Schon jetzt haben viele Profis ihre Ablehnung für das geplante Endturnier im November deutlich gemacht, darunter auch Deutschlands Nummer eins, Alexander Zverev. Zudem könnte sich ein noch schwerwiegenderer Konflikt entfalten, wenn nationale Verbände ihre bisher nur klammheimlichen Boykottabsicht wahr machen. Wie reagiert dann die ITF? Mit Ausschluss? Sogar den einer Grand-Slam-Nation wie Australien?

Aufgeheizte Stimmung

Dort jedenfalls ist die Stimmung schwer aufgeheizt gegen den Weltverband und seinen Boß Haggerty. „Die ITF hat nun eine große Verantwortung, die große Tradition des Davis Cup auch im neuen Format irgendwie zu bewahren“, schrieb der Nationalverband Tennis Aus­tra­lia. Der Schauplatz Australien könnte indirekt auch Schicksal spielen für den Weltverband ITF und seine Alliierten um Piqué. Denn der von der ATP zum Jahresbeginn lancierte World Team Cup – der Nachfolger des Düsseldorfer Events – steht in direkter Konkurrenz zu dem neuen Teamwettbewerb im November.

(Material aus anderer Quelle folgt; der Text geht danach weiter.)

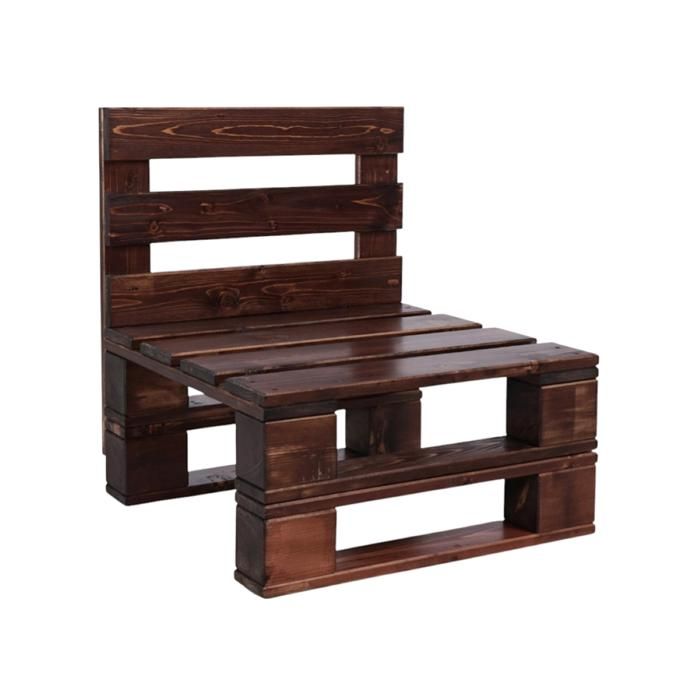 Fauteuil 60x61 cm en bois de sapin noyer style palette pour taverne ou jardin Fauteuil 60x61 cm en bois de sapin noyer style palette pour taverne ou jardin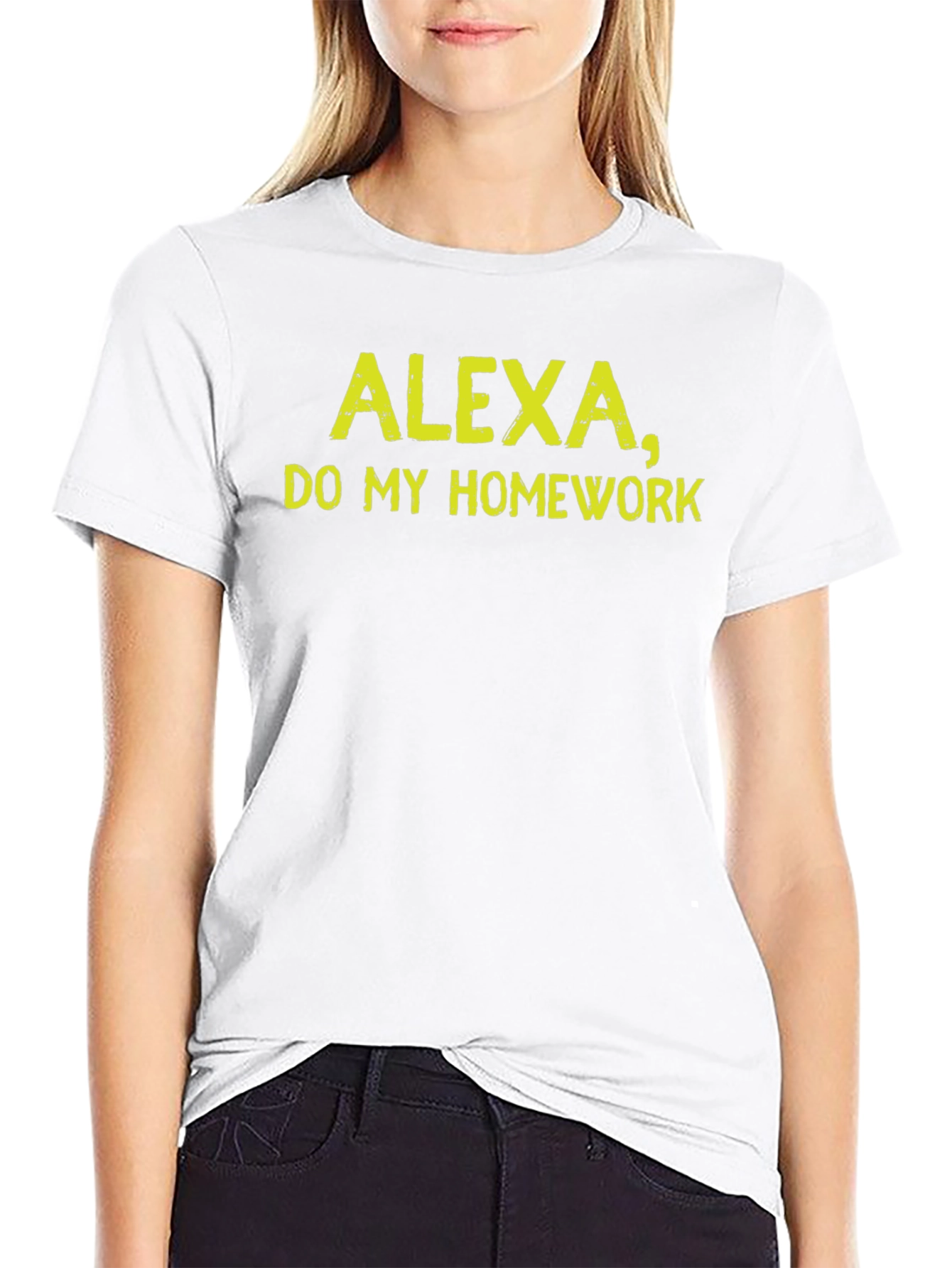 Black Alexa Do My Homework Funny Sarcastic T-Shirt view 9
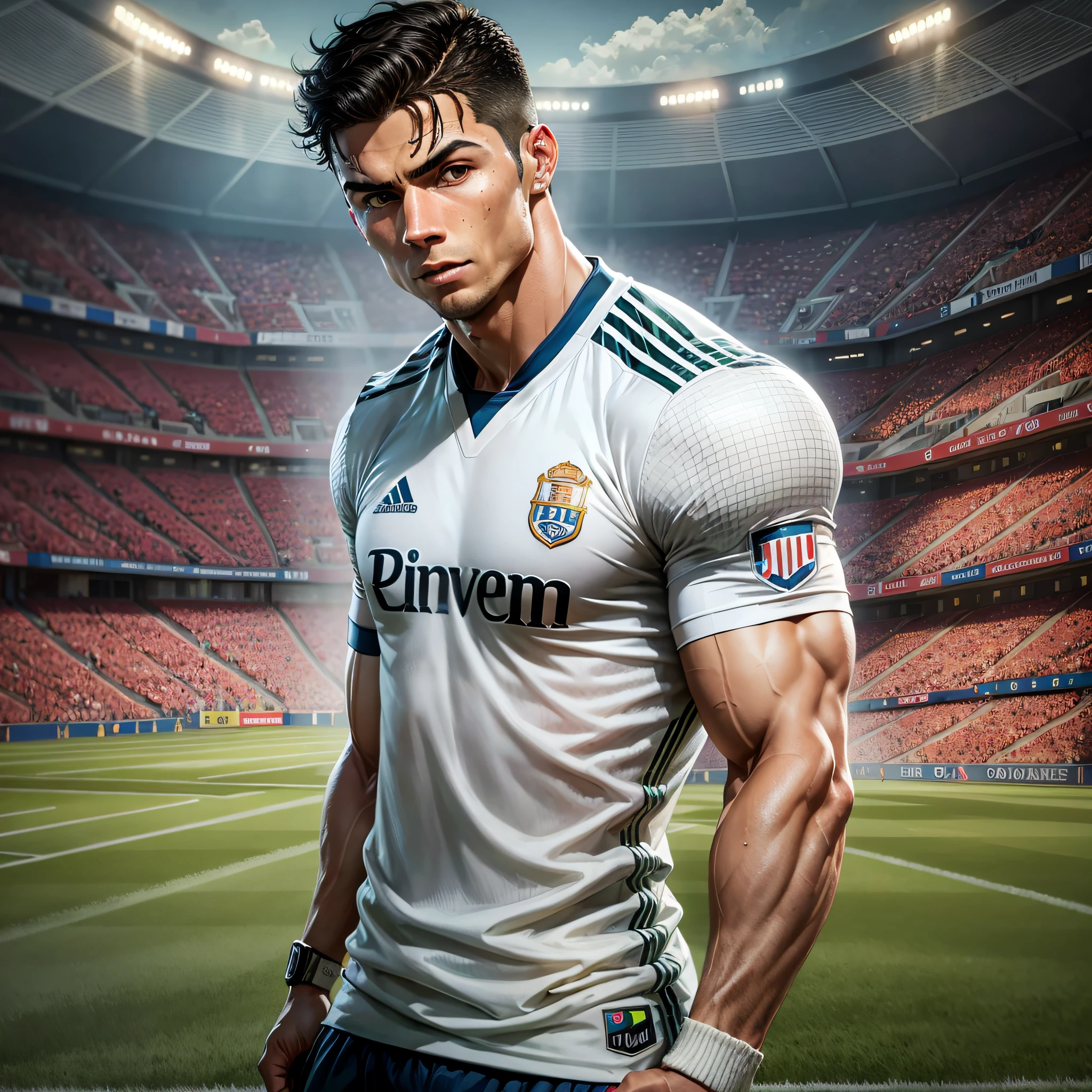 Cristiano Ronaldo with an imposing posture on the football field --auto --s2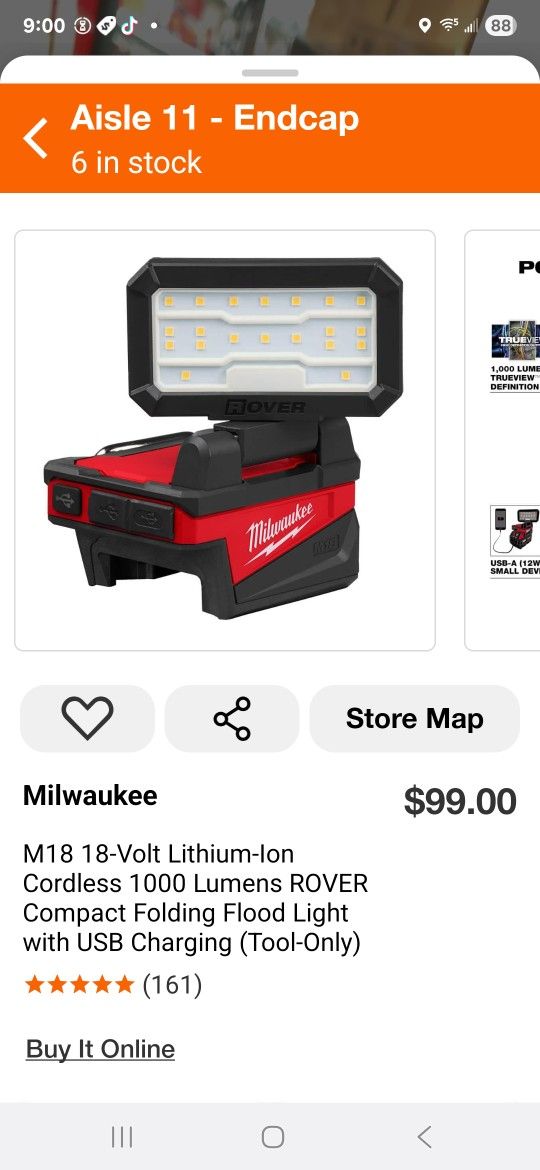 Milwaukee
M18 18-Volt Lithium-Ion Cordless 1000 Lumens ROVER Compact Folding Flood Light with USB Charging (Tool-Only)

Selbst kurz- bis mittelfristig kann nach Ansicht von Sportmarketingexperten und Szenebeobachtern nur einer der beiden Wettbewerbe überleben – es liegt allerdings auf der Hand, dass die ATP-Veranstaltung zu Jahresbeginn deutlich größere Chancen hat als der „andere ­Davis Cup“, der ans Ende einer strapaziösen Saison platziert wurde. „Es ist nicht unwahrscheinlich, dass kein einziger Top-Ten-Spieler an dieser Davis-Cup-Endrunde teilnehmen wird“, prognostiziert der ungarische Verbandschef Attila Richter.

Derweil schanzten sich Haggerty und seine Parteigänger beim ITF-Treffen gleich noch weitreichendere Vollmachten zu, um Veränderungen an Davis Cup und Fed Cup vorzunehmen. Die Exekutive kann demnächst ohne lästigen Abstimmungs­kitzel weitere Änderungen durchdrücken. Kein Wunder, dass sich immer mehr Experten an Verhältnisse erinnert fühlen, die man vom Weltfußballverband Fifa kennt.